Although there have been several proposals for embedding RDF inside HTML pages, the technique of using XSLT transformations has a much broader appeal. Few people want to learn RDF, and so it presents a barrier to the creation of semantically rich web pages. Using XSLT provides a way for web developers to add semantic information with minimal extra effort. Dan Connolly of the W3C has conducted quite a number of experiments in this area, including HyperRDF, which extracts RDF statements from suitably marked-up XHTML pages.

Semantic Web Technologies (con'td)

RDF, RDF Schemas and Ontologies

The W3C's Resource Description Framework is one of the cornerstones of Semantic Web work. While its somewhat unwieldy syntax often attracts negative attention from XML developers, the real value of RDF is the data model. It defines a very simple data model of triples (subject, predicate, object), where subject and predicate are URIs, and the object is either a URI or a literal. With this simple model, objects and their properties may be represented. Although the XML serialization of RDF (the "Syntax" of the RDF Model & Syntax specification) is referred to as RDF/XML, other syntaxes are being proposed to try and overcome the awkwardness of the existing syntax. For example, RDF models could just as easily be serialized using SOAP's serialization rules (see presentation at WWW9 by Henrik Frystyk-Nielsen). It is in this simple data model where the power of RDF truly lies. As long as information on the web can be reduced to triples like this, it doesn't really matter which XML serialization format is used. What isn't negotiable here though is the role of the URI as a universal identifier.

The table below shows an hypothetical RDF/XML snippet, and the generated triples in the data model.

<contact rdf:about="edumbill">

<name>Edd Dumbill</name>

<role>Managing Editor</role>

<organization>XML.com</organization>

</contact>
Subject Predicate Object

doc.xml#edumbill

http://www.w3.org/1999/02/22-rdf-syntax-ns#type

http://example.org/contact

doc.xml#edumbill

http://example.org/name

"Edd Dumbill"

doc.xml#edumbill

http://example.org/role

"Managing Editor"

doc.xml#edumbill

http://example.org/organization

"XML.com"

Once we have the data model, there's a need to describe the characteristics of the objects being modeled. For instance, we want to say that a "Contact" must have a name, role, and organization property. This is where RDF schemas come in -- they define an RDF vocabulary that can be used to express the "Contact" class. This allows all users of a resource of type "Contact" to have an agreed expectation of its properties and relationship to other resource types.

RDF schemas differ somewhat from XML schemas (such as DTDs or W3C XML Schemas) in that they do not define a permissible syntax but instead classes, properties, and their interrelation: they operate directly at the data model level, rather than the syntax level.

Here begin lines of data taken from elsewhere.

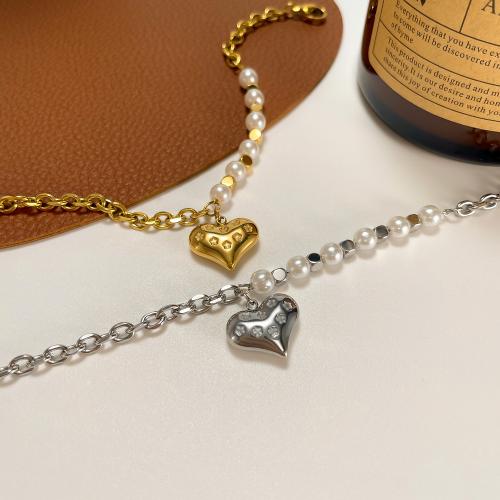 Stainless Steel Jewelry Bracelet 304 Stainless Steel with Plastic Pearl with 5.5cm extender chain plated fashion jewelry & for woman nickel lead & cadmium free Length Approx 17 cm Sold By PC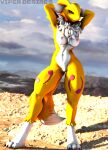  2023 3d_(artwork) abs anthro areola artist_name athletic athletic_anthro athletic_female bandai_namco bedroom_eyes black_sclera blue_eyes breasts chest_tuft curvy_figure detailed_background digimon digimon_(species) digital_media_(artwork) eyelashes female fluffy fluffy_tail fur genitals hands_behind_head long_tail looking_at_viewer multicolored_body multicolored_fur narrowed_eyes navel nipples nude outside paws pinup pose pussy renamon seductive smile snout solo source_filmmaker tail teeth thick_thighs tuft two_tone_body two_tone_fur viper-desires watermark white_body white_fur yellow_body yellow_fur 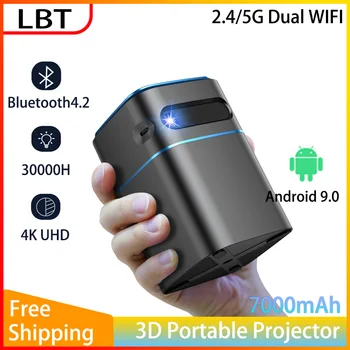 Pametna Android 9.0 Wifi 1080P 4K Mini Projektor DLP Full HD Pravi 3D z Baterijo 7000mAh LED Projektor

Scaled up over the Web, RDF schemas are a key technology, as they allow machines to make inferences about the data collected from the web.

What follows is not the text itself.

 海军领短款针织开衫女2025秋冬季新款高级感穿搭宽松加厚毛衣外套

In fact, work is now underway to take RDF Schemas one step further in the description of ontologies. (An ontology is essentially a formal description of objects and their interrelationships.) The MIT/LCS has begun to define DAML (DARPA Agent Markup Language), a language for expressing ontologies. Although DAML is very much a work in progress, real work can be done now with RDF Schemas, see the section on Redfoot below.

The hardest problem in this area is not the infrastructure, but the actual ontologies themselves. Until an industry-wide ontology exists for, say , vehicle parts, there is a limit to the utility of the SW in the auto manufacturing industry. Organizations such as the Dublin Core Metadata Initiative have been developing such vocabularies for some time now, and they've made progress both in terms of the ontologies themselves and also tools to manage and maintain them.

XML Protocol Technology

Work on XML protocols -- the use of XML for messaging and remote procedure calls -- approaches the Semantic Web from the other end of the spectrum. Avoiding grand schemes for the classification of everything, it is focused on standardizing XML-based interactions between computers. A key component of XML protocol technology is the description and discovery of web services available via XML protocols such as SOAP, since systems require the ability to conduct electronic transactions with other systems of which they have no prior knowledge.

This requirement has led to the creation of technologies such as Web Services Description Language (WSDL), which describes the characteristics of the interface offered by a web service, and ADS, which allows the advertisement and discovery of such services. ADS, by offering techniques for embedding such descriptions inside normal web content, fits neatly into the Semantic Web vision. (For more on WSDL and ADS, see our XML Protocol Technology Reference.) The recently announced UDDI effort also provides an API for registries of web e-business services. Although the Semantic Web vision focuses on decentralized technology as opposed to centralized registries, the emphasis on machine discovery of resources is a common theme.

While the XML protocol-related technologies solve narrow problems in order to achieve results over the next year, they represent use-cases for the Semantic Web, and one expects that mature SW technologies will cater for the solution of problems such as these.

Getting Started with Development

The major center of Semantic Web-related development thus far has been in the area of RDF. The creation of semantically-richer documents is a relatively easy task, so most of the effort has been concentrated on accumulating the data, storing it and querying it. RDF/XML provides a useful intermediate syntax which, when combined with tools like XSLT, allows multiple data sources to be combined.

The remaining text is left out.